M.S. Metropolitan Design
Cities are by their very nature under continuous cycles of urban transformations. Yet, there are a few instances in the history of a city that the drive producing these transformations is accelerated by a cultural momentum that can become tremendously innovative. Such occurrences often signal a new period of civic consciousness contributing toward the creation of a better quality of urban living.
The Metropolitan Design Program at the College of Design focuses on the challenges confronting 21st century cities. As demographic shifts continue to reshape the urban and suburban territory, there is evidence to indicate that today more people are choosing to live in cities, attracted perhaps by the rise of a knowledge-based economy and hoping to achieve professional goals while partaking in the excitement of a renewed cultural and civic lifestyle. Today, cities and, perhaps more precisely, cities and their specific regions, are being rediscovered as potential magnets of creative energy and innovation. These city-regions have been able to create new and distinctive growth economies and lifestyles based on their ability to weave their transformative efforts, blending together the physical with the cultural—an essential integration, shaped by the physiographic characteristics of each specific region. Successful cities manage change over time while providing a quality-of-life that values the regional ecology and the role of the arts as agents to reinforce local place and identity, while developing a system of well informed decision-making that is built from a vibrant public vision for the future.

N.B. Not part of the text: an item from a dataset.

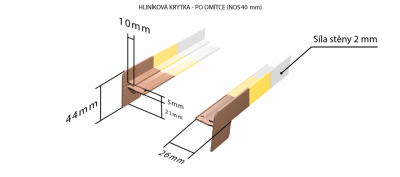 Hliníkové krytky po omítce pro obě strany (k venkovním ohýbaným parapetům) NOS 40 mm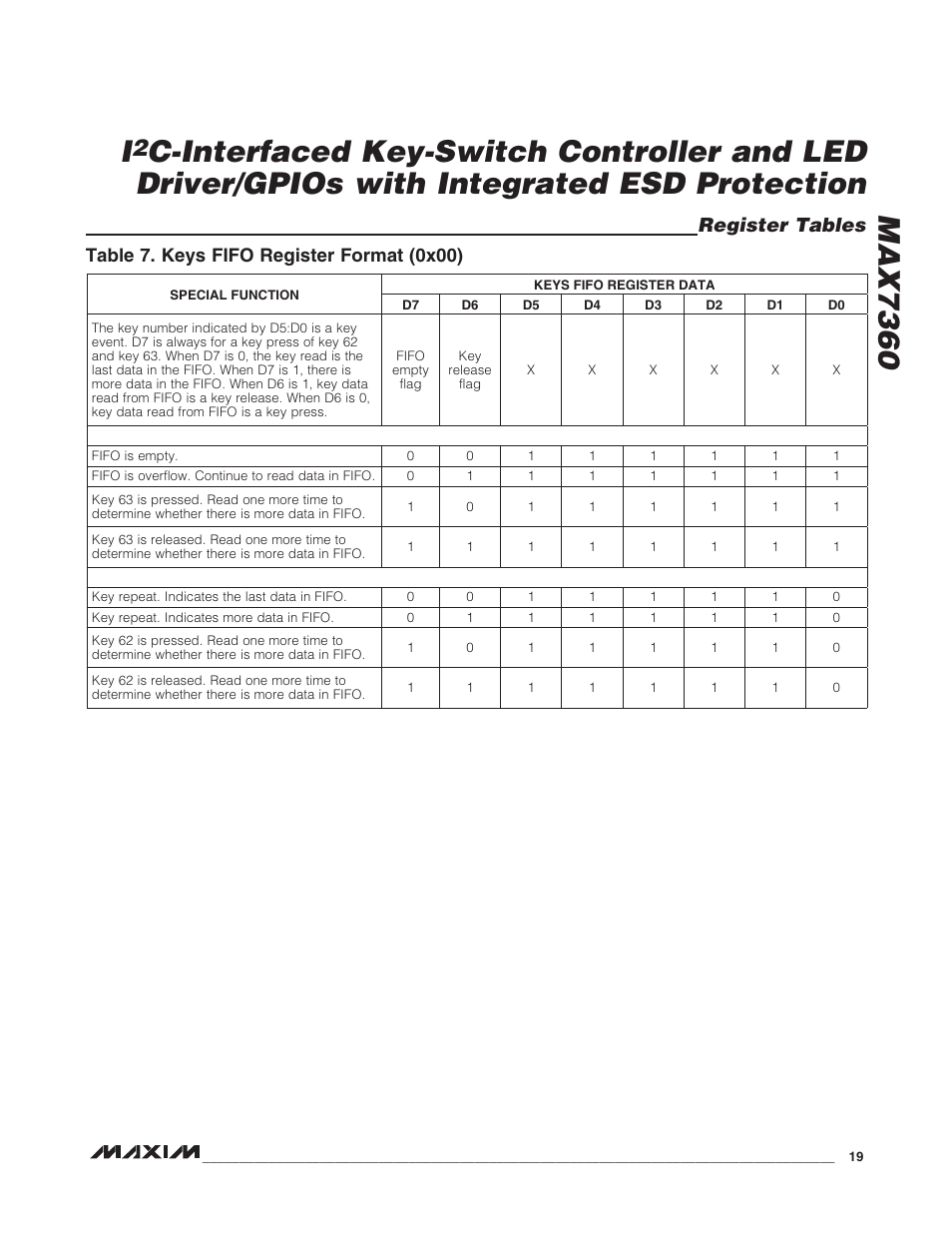 Register tables, Table 7. keys fifo register format (0x00) | Rainbow Electronics MAX7360 User Manual | Page 19 / 31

To achieve this multifaceted view of the city, the College of Design at the University of Minnesota developed the M.S. Metropolitan Design Program with an expanded view of Urban and Metropolitan Design that weaves together knowledge from professional practice and current theoretical debates regarding the future of the city. The program is open for students having professional design/planning degrees and graduate students currently pursuing master’s degrees in architecture or landscape architecture.